In vitro and in silico neuroprotective evaluation of new biotransformation metabolites of (-)-α-bisabolol

Abstract

Biotransformation of (-)-α-bisabolol (1) was investigated by screening twenty-two fungal strains in an effort to produce new more polar and potentially bioactive metabolites. Three fungi were selected for scale-up biotransformation: Cordyceps sinensis, Alternaria alternata and Aspergillus flavus. Five metabolites were isolated: 10β,11-dihydroxy-α-bisabolol (2), Hamanasic acid A (3), 2,3-dihydro-α-bisabolol (4), 7-dehydroxy-10,11-epoxy-3-methylcarboxy-α-bisabolol (5) and 10β,11,15-trihydroxy-α-bisabolol (6), with metabolites 4, 5, and 6 being newly identified. Structural elucidation was performed using spectroscopic methods. α-bisabolol and its metabolites were evaluated for their cyclooxygenase (COX) and acetylcholinesterase (AChE) inhibitory activities, as well as neuroprotective effects against H₂O₂ and Aβ_1-42-induced toxicity in SH-SY5Y cells. In vitro results showed that metabolite 5 exhibited the strongest COX-2 inhibition (IC₅₀ = 2.508 µM), while 2 showed AChE inhibition (IC₅₀ = 12.94 µM), These outcomes were more confirmed by molecular docking. Metabolites 6 and 2 demonstrated superior neuroprotective effects against H₂O₂ and Aβ_1-42-induced toxicity compared to α-bisabolol. Importantly, metabolite 2 showed pronounced AChE inhibitory activity alongside favorable ADMET attributes. These findings suggest that α-bisabolol and its metabolite 2 are potential candidates for the modulation of neurodegenerative diseases involving inflammation, neurotoxicity, or cholinergic dysfunction. Further in vivo investigations are mandatory to ensure the study outcomes.

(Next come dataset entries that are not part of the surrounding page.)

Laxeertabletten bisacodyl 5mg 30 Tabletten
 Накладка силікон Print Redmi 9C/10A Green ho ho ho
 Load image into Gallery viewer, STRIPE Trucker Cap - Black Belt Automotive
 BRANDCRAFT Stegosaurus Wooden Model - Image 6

Keywords: Biotransformation; Bisabolol; COX inhibitors; Cholinesterase inhibitors; Hamanasic acid A; Neuroprotective.

Fig. 1

Schematic presentation of the bioconversion of α-bisabolol (1) to its metabolites using three different fungal strains.

Fig. 2

Two-dimensional (2D) binding mode and residues involved in the recognition of (a) celecoxib, (b) bisabolol, the most potent compounds; (c) metabolite 4, (d) metabolite 5 and (e) metabolite 6 docked and minimized in the COX-2 binding pocket.

Fig. 3

Neuroprotection of bisabolol and its metabolites against H₂O₂-induced neurotoxicity in SH-SY5Y cells. Results were represented as means ± standard deviations (SD), with n = 5. * Indicates a statistically significant difference compared to the cell viability of H₂O₂-treated cells at p < 0.001. Statistical significance was determined using one-way ANOVA followed by Dunnett’s post-hoc test in GraphPad Prism® 10. Metabolites 2 and 6 showed more potent neuroprotection than the parent compound and other metabolites.

Fig. 4

Expected radical scavenging activity of α-bisabolol (1) by binding to fatty acid peroxyl radicals (LOO·) and stopping the lipid peroxidation chain reaction in the cell membrane.

Fig. 5

Neuroprotection against Aβ_1-42 induced-neurotoxicity in SH-SY5Y cells. ECG: Epigallocatechin-3-gallate was used as a positive control. Values were represented as means ± standard deviations (SD), n = 5. * Indicates a statistically significant difference compared to the cell viability of Aβ_1-42 -treated cells at p < 0.001. Statistical significance was determined using one-way ANOVA followed by Dunnett’s post-hoc test in GraphPad Prism® 10. Metabolites 2 and 6 were more neuroprotective than α-bisabolol and other metabolites.

Fig. 6

Dose–response curve of AChE inhibition by metabolite 2.

Fig. 7

2D binding mode and residues involved in the recognition of (a) galanthamine, (b) α-bisabolol and (c) the most potent compound (metabolite 2) docked and minimized in the AChE binding pocket.